(Effective until March 1, 2022.)
Preventing food and ingredient contamination—Pasteurized eggs, substitute for raw eggs for certain recipes (2009 FDA Food Code 3-302.13).
Pasteurized eggs or egg products must be substituted for raw eggs in the preparation of foods such as Caesar salad, hollandaise or Bearnaise sauce, mayonnaise, meringue, eggnog, ice cream, and egg-fortified beverages that are not:
(1) Cooked as specified under WAC
246-215-03400 (1)(a) or (b); or
[Statutory Authority: RCW
43.20.050 and
43.20.145. WSR 13-03-109, § 246-215-03312, filed 1/17/13, effective 5/1/13.]
(Effective March 1, 2022.)
Preventing food and ingredient contamination—Pasteurized eggs, substitute for raw eggs for certain recipes (FDA Food Code 3-302.13).

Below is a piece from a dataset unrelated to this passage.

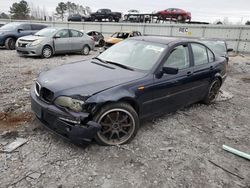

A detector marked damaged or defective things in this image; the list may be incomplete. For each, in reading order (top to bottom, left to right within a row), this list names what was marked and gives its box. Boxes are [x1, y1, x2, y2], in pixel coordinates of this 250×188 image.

Pasteurized eggs or egg products must be substituted for raw eggs in the preparation of foods such as Caesar salad, hollandaise or Bearnaise sauce, mayonnaise, meringue, eggnog, ice cream, and egg-fortified beverages that are not:
(1) Cooked as specified under WAC 246-215-03400 (1)(a) or (b); or
(2) Included in WAC 246-215-03400(4).
[Statutory Authority: RCW
43.20.050 and
43.20.145. WSR 21-01-122, § 246-215-03312, filed 12/15/20, effective 3/1/22; WSR 13-03-109, § 246-215-03312, filed 1/17/13, effective 5/1/13.]